Reasons To Believe In God

I would like to be one of the few to admit that I constantly struggle with the concept of God. I have spent countless hours debating whether there even is a God. I’m not really here to try and convince anyone that God exists, or try to make you believe that I have information that I simply do not have. While on some level, I am jealous of all the religious people out there that seem to have no doubts whatsoever, on other levels, I tend to feel that they are probably misleading themselves.

As stated before, my belief in God is based solely on observation of the world around me. I simply cannot shake the idea that the planet, and our own bodies seem to me, to have been designed. I just cannot buy the idea that everything ‘just happened’ to work out this way. To me, personally, that takes more faith to believe in than the idea of a God creating everything.

Now, recently I have spent some time pondering the nature of God. Specifically, this question, “If God really exists, why doesn’t he just let us know? Why not just tell us what it is that he wants?” Can we really be held responsible for not following God’s will, if it’s not clear what God wants from us? Are we really suppose to believe in one of several books written thousands of years ago by people who may or may not have communicated with God?

Well, as I lay in bed tonight, this popped into my mind, so try to imagine this if you will:

Imagine, that you are moments away from a fatal heart attack. How do you feel right now. Any chest pains? Feeling uncomfortable at all? How is your health? Are you aware of the possibility that you could, in fact, die at any moment. Someone, reading this right now, is probably going to die soon. Now, I’m not trying to scare you into religion, I just want your mindset to be the same as mine. I was lying in bed, when I started having pains. And I thought to myself..what if I were to die right now? It scared me a little bit. But more importantly, it made me realize something. It made me realize, that I’m just not the kind of person that likes to be unprepared. I OVER prepare for EVERYTHING. That’s the kind of person I am. And here I was, realizing, that I’m very unprepared to die.

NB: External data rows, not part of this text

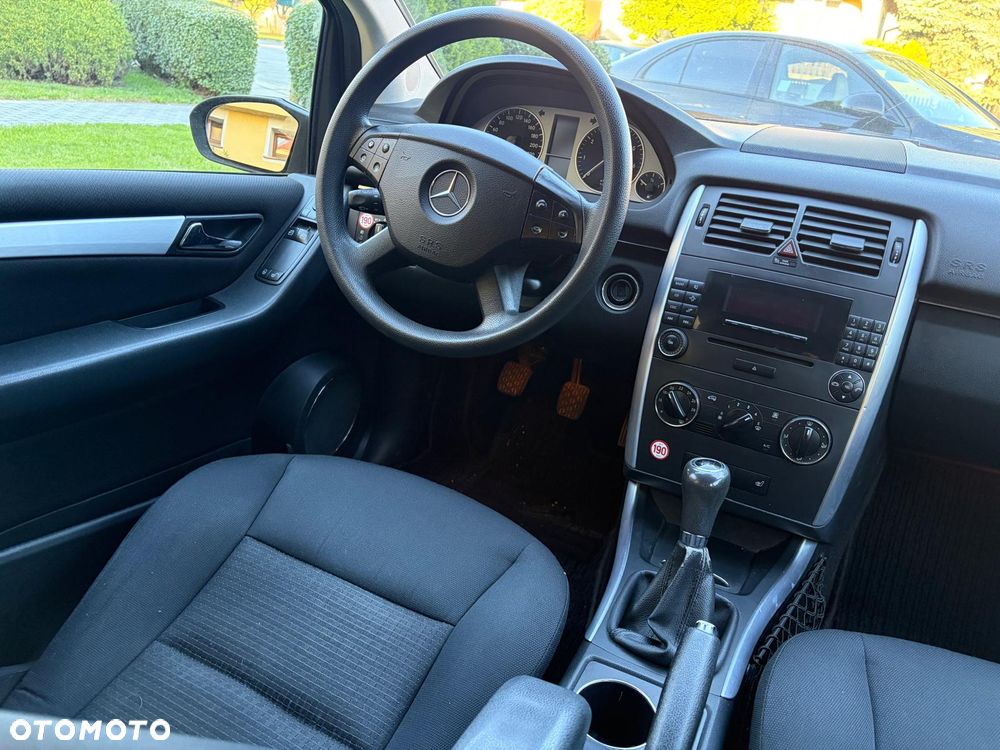 Mercedes-Benz Klasa B 170 Special Edition - 9
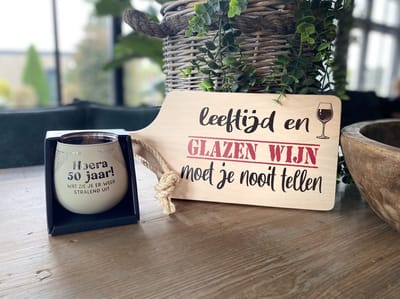 Creaties van Hier - theelichthouder - serveerplank - 50 jaar - leeftijd en glazen wijn - 35 cm - hout - glas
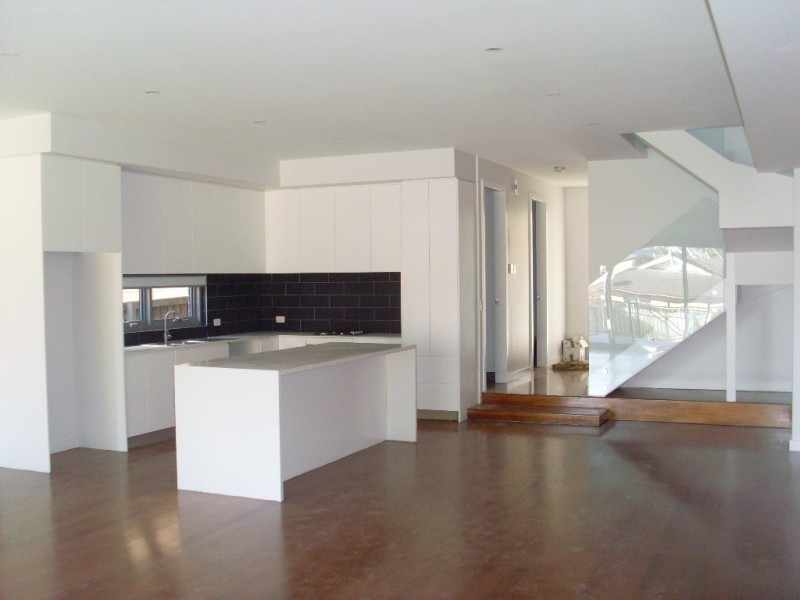 18 Moss Street, West Ryde NSW 2114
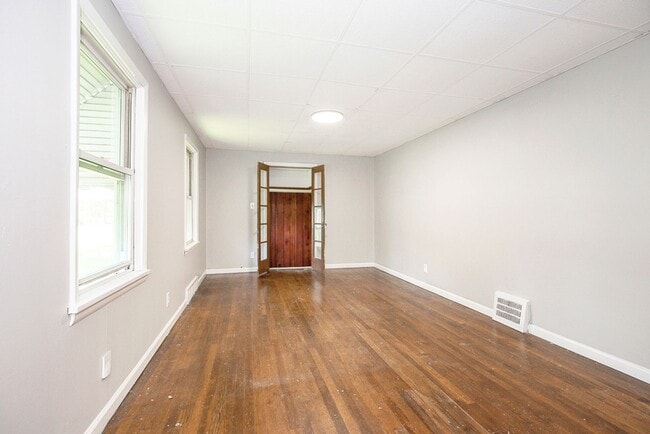 Building Photo - THREE BEDROOM SINGLE FAMILY HOME IN BEAUTI...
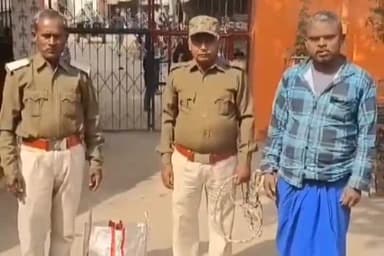 लखीसराय: बरियारपुर मुसहरी गांव से पुलिस ने नशे में हो-हंगामा करते एक व्यक्ति को गिरफ्तार किया, लखीसराय कोर्ट में पेश किया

So, the bottom line for me is this. When it’s my time, I don’t want to have any regrets or worries. I want to know that I put forth the time and effort to live a good life, and that I at least attempted to draw nearer to God. When I’m moments away from dying, I don’t want to be worried about what’s going to happen on the other side. I simply want to know that I’m prepared. That if there is no God and that’s just it, then fine. But, if there is a God, that I am prepared.

Thank you all, and I hope someone perhaps found this helpful.